**Stored data**

================

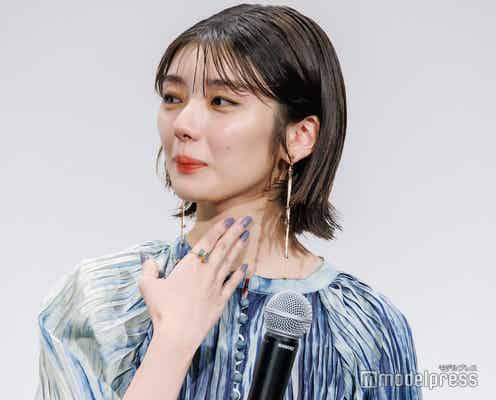 櫻坂46藤吉夏鈴が涙「何度も暗い部屋の中にいるような感覚になることがたくさんあった」【新米記者トロッ子 私がやらねば誰がやる!】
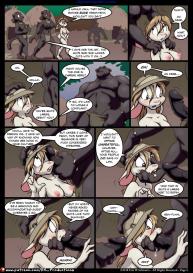 The Misadventures Of Jane Cottontail 1 #6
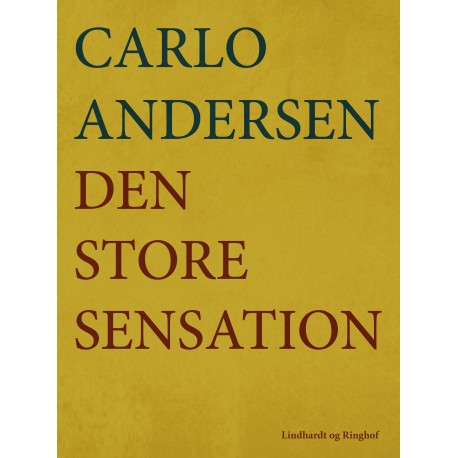 Den store sensation
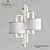 Sophisticated SIGMA L2 Sconce 3D model small image 3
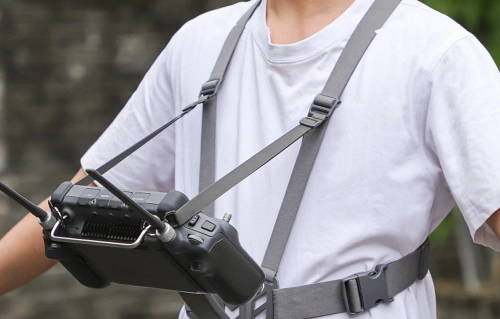 Sunnylife chest mount for DJI RC Plus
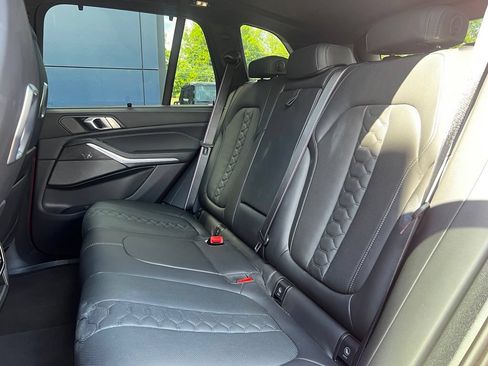Used 2024 BMW X5 M Competition w/ Executive Package AWD/4WD image 14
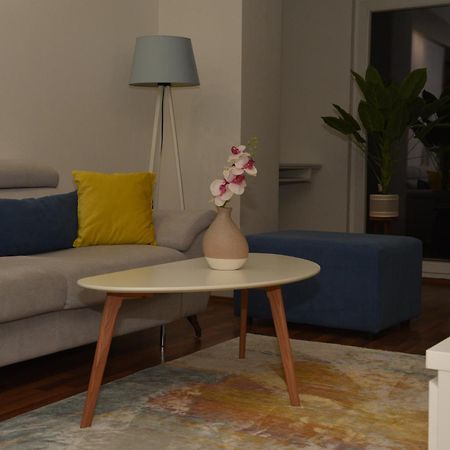 Boda Apartments 스코페 외부 사진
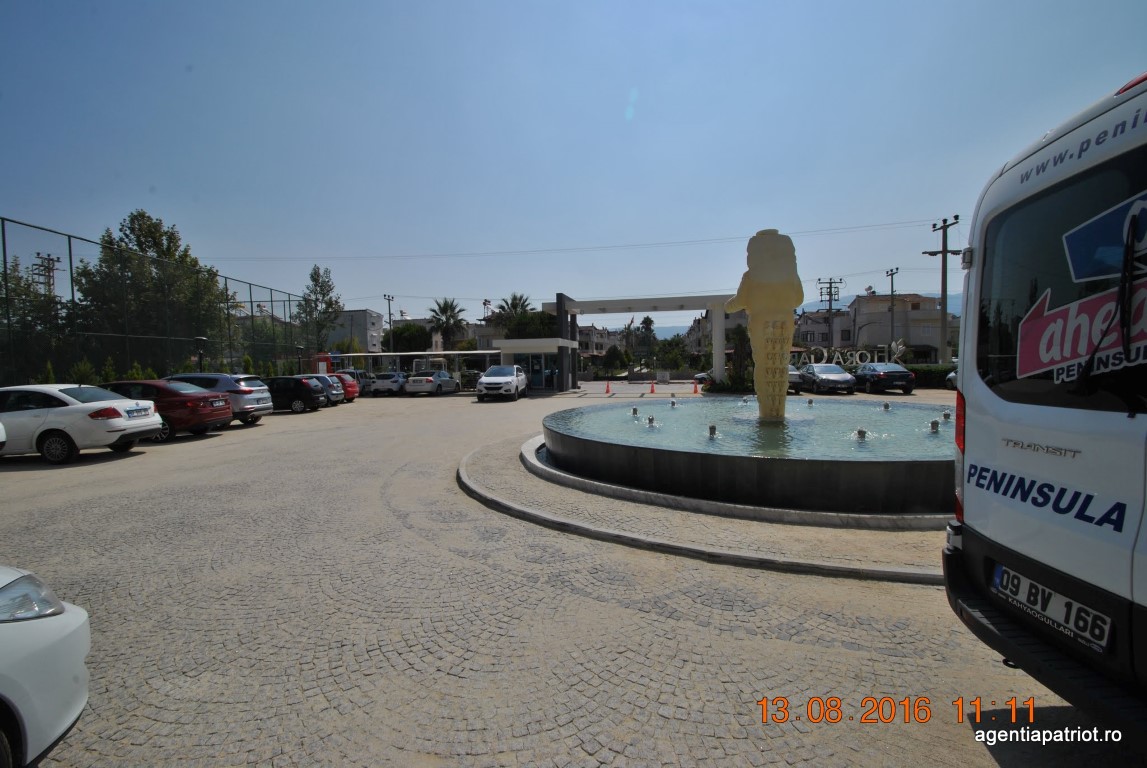 imagini hotel FLORA GARDEN KUSADASI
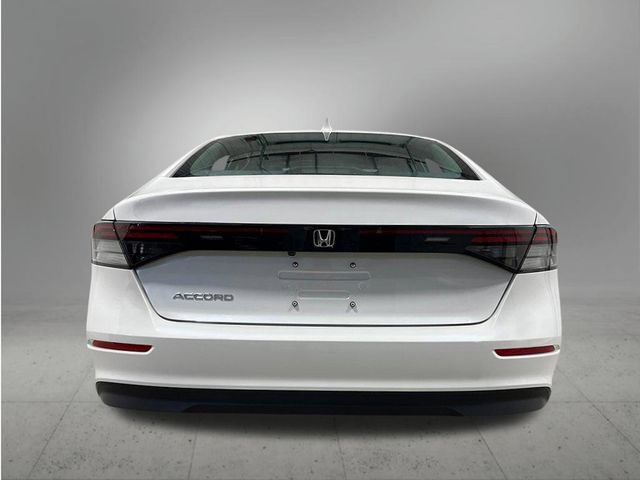 New 2026 Honda Accord LX image 4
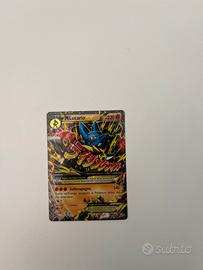 carta pokémon di Mlucario ex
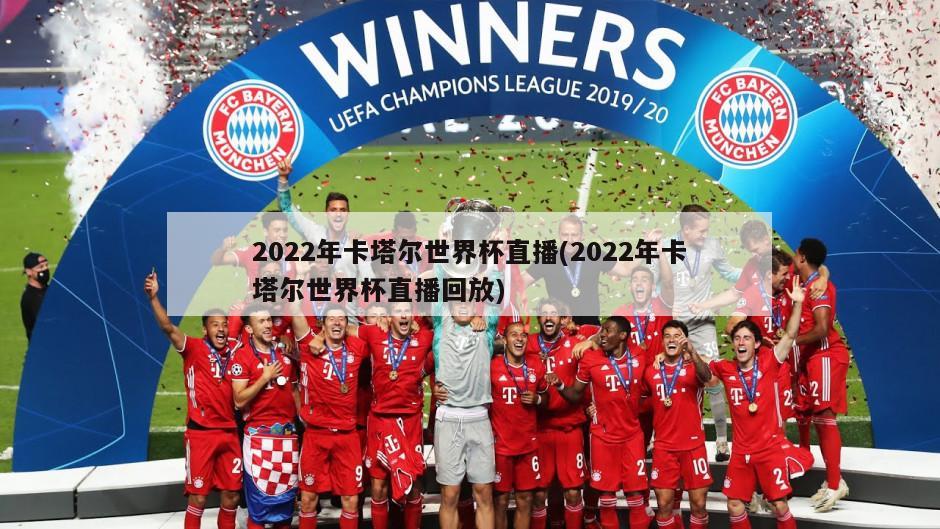 2022年卡塔尔世界杯直播(2022年卡塔尔世界杯直播回放)-第1张图片-海莱特体育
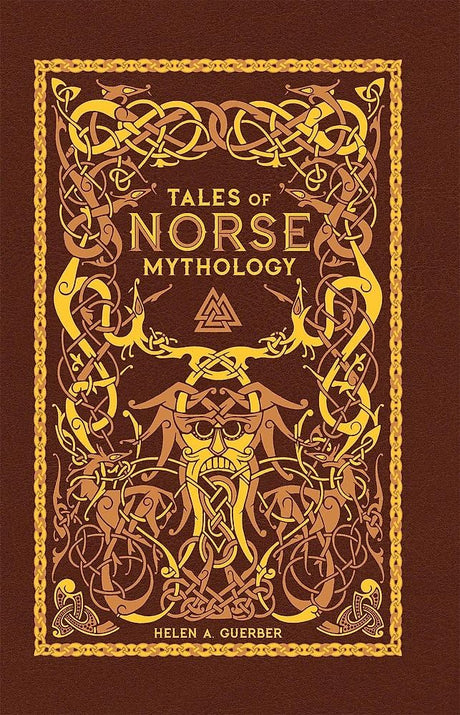 Tales of Norse Mythology (Barnes & Noble Omnibus Leatherbound Classics): Representing Bullies and Victims in Popular Culture - Retail Maharaj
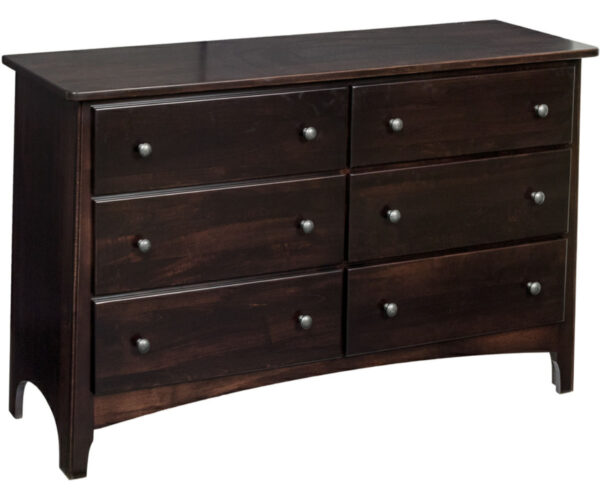 Shaker Dresser
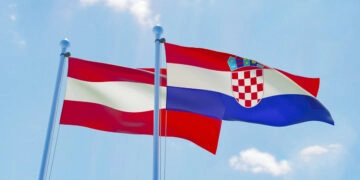 Einreise ohne Quarantäne nach Österreich aus Kroatien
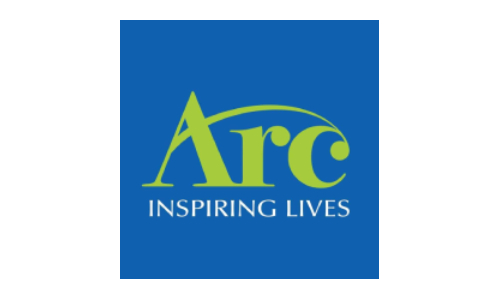 ARC Inspiring Lives logo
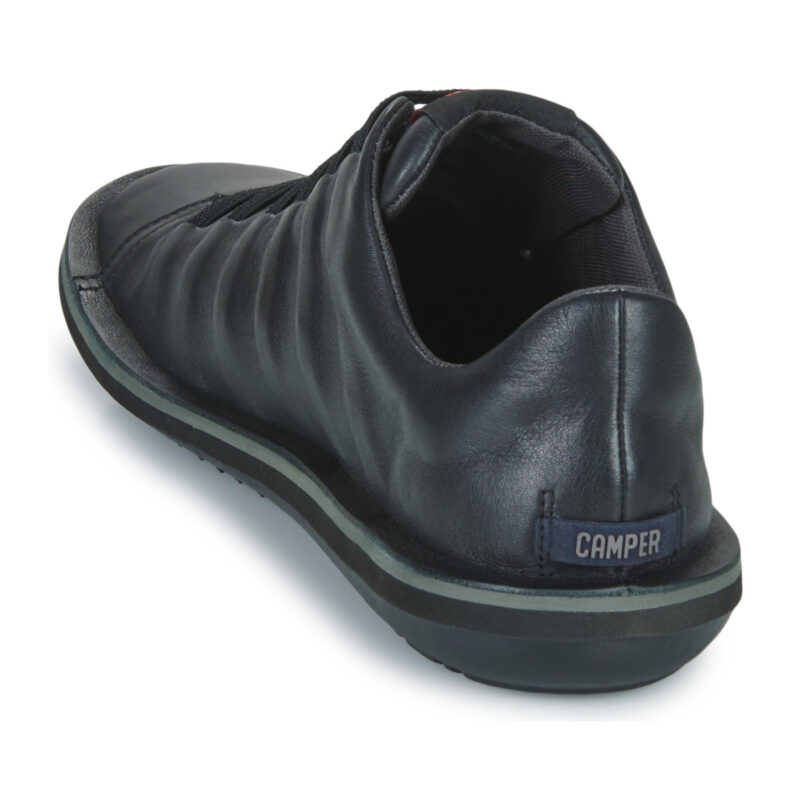 Camper BEETLE Negro Zapatillas Hombre - 5
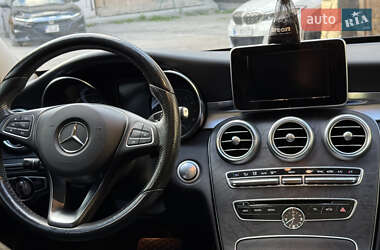 Седан Mercedes-Benz C-Class 2016 в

================

**Task prompt**
Without any pictures, please write out the lines from the one containing "Boda Apartments 스코페 외부 사진" through the final line of the data, exactly and inclusive of both ends.

**Result for this task**
 Boda Apartments 스코페 외부 사진
 imagini hotel FLORA GARDEN KUSADASI
 New 2026 Honda Accord LX image 4
 carta pokémon di Mlucario ex
 2022年卡塔尔世界杯直播(2022年卡塔尔世界杯直播回放)-第1张图片-海莱特体育
 Tales of Norse Mythology (Barnes & Noble Omnibus Leatherbound Classics): Representing Bullies and Victims in Popular Culture - Retail Maharaj
 Shaker Dresser
 Einreise ohne Quarantäne nach Österreich aus Kroatien
 ARC Inspiring Lives logo
 Camper BEETLE Negro Zapatillas Hombre - 5
 Седан Mercedes-Benz C-Class 2016 в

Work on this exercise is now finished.